Media coverage usually treats fast food workers, gig workers, and home health aides as three separate populations with three separate problems.
Workers switch jobs constantly—and across sectors.
The turnover rate in low-wage work is roughly one job per year to eighteen months. Workers don’t just change employers. They change sectors.
The women around me moved between daycare, home health aide, cashier, and retail depending on who was hiring, which manager was tolerable, and which shift fit around their kids. Those latter three jobs (plus fast food or counter work) are the four occupations that make up 29 percent of all employment paying under $15 an hour.
Gender shapes the options. Women are 67 percent of workers earning minimum wage or less, concentrated in home care or childcare work.

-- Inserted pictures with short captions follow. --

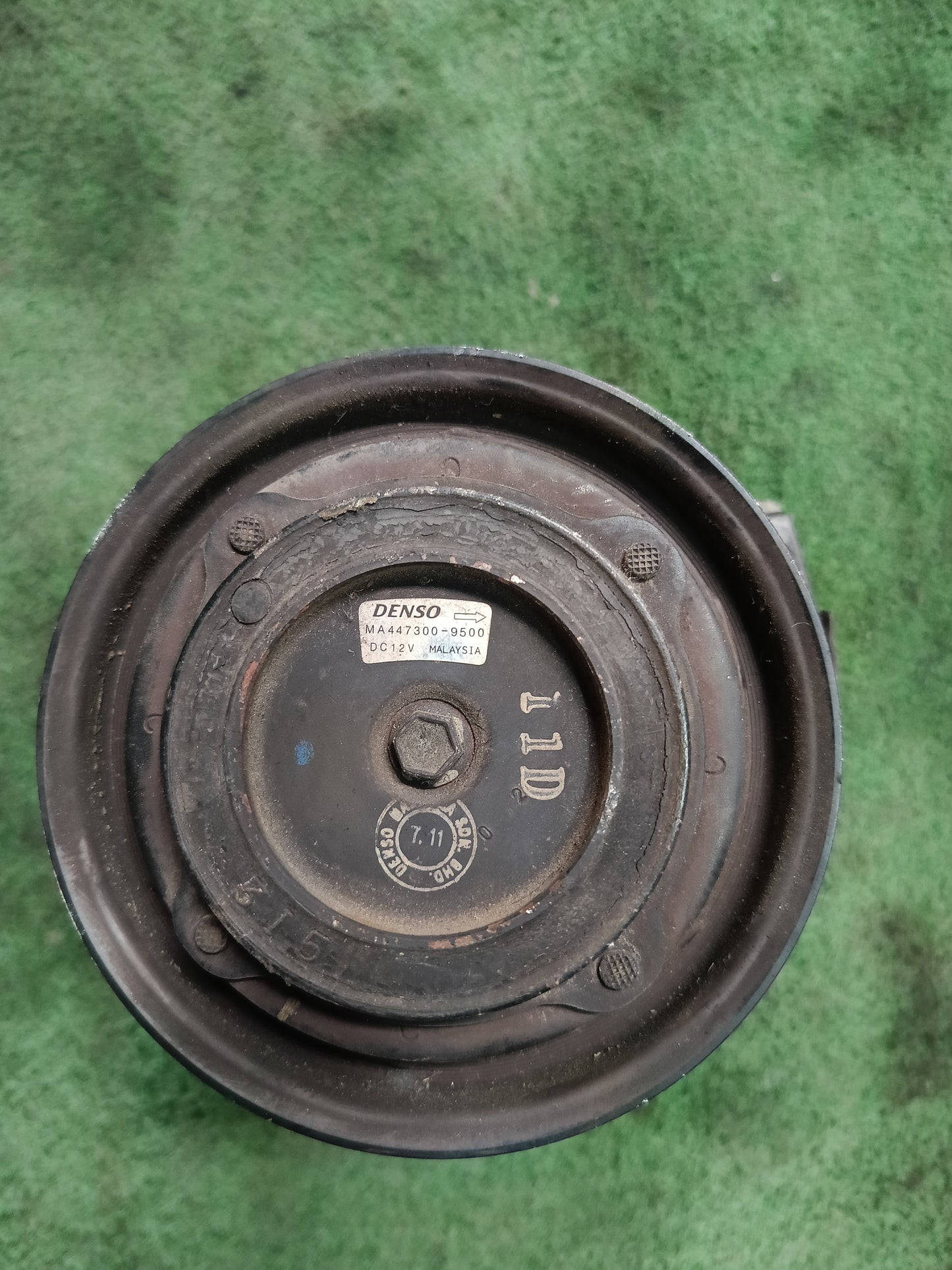 TOYOTA CAMRY COMPRESSOR (JK447220-4061)
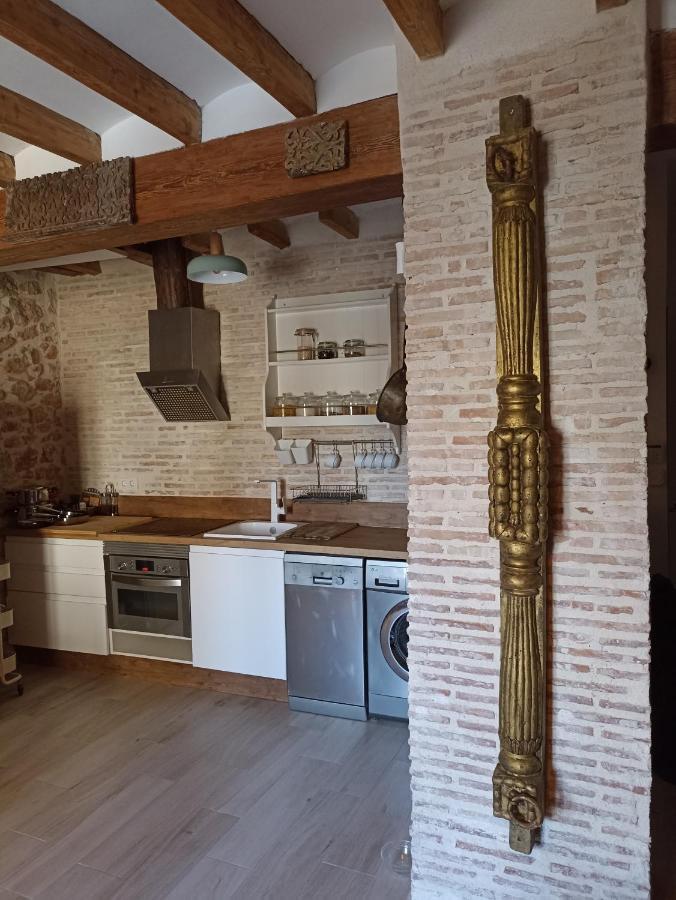 Nacaren Denia Apartamento Exterior foto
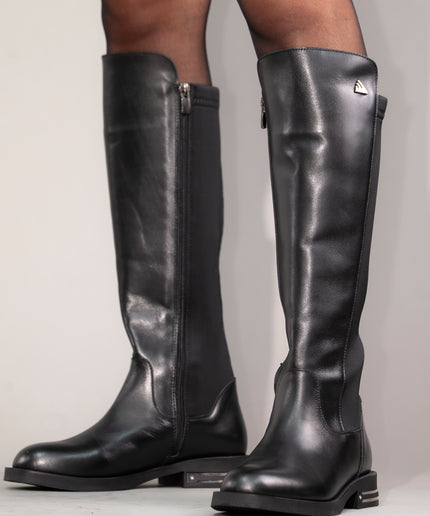 Cizme piele naturala- IRIS 1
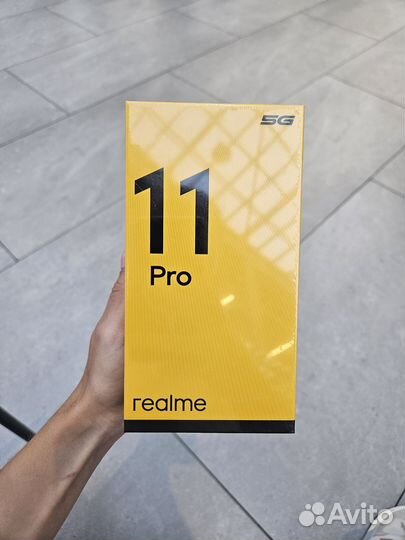 realme 11 Pro, 8/256 ГБ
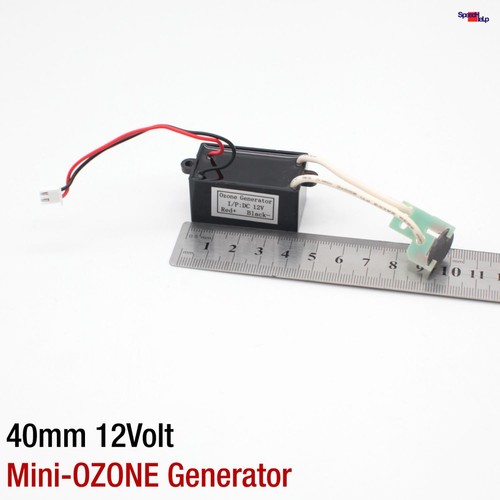 Mini générateur ozone - d’ozone, dc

Men in my community more often went to the oil fields, manual labor, construction, mechanic shops. These jobs typically pay at the upper end of minimum wage or above it.

These aren’t separate labor markets. They’re one ecosystem with a lot of internal movement.
Large employers aren’t obviously the villains.
The dominant media frame is that large corporations exploit low-wage workers while small businesses are clearly preferable. Workers don’t really see it that way.
A friend worked at a small food stall. When it closed, the owners didn’t pay his last two weeks. Recovery took months.
When Circuit City shut down, I was paid for my last shift without any effort on my part. The corporate structure meant there was someone to complain to. It also meant the media would care if they didn’t. Journalists pay attention when the employer is a recognizable name.
If anything, the common complaint about large employers is that they’re selective. Small businesses are more willing to hire someone with no experience. I didn’t get a Starbucks offer until I had years of waitressing behind me.
Large employers aren’t the bottom of the labor market. They’re something workers must work up to.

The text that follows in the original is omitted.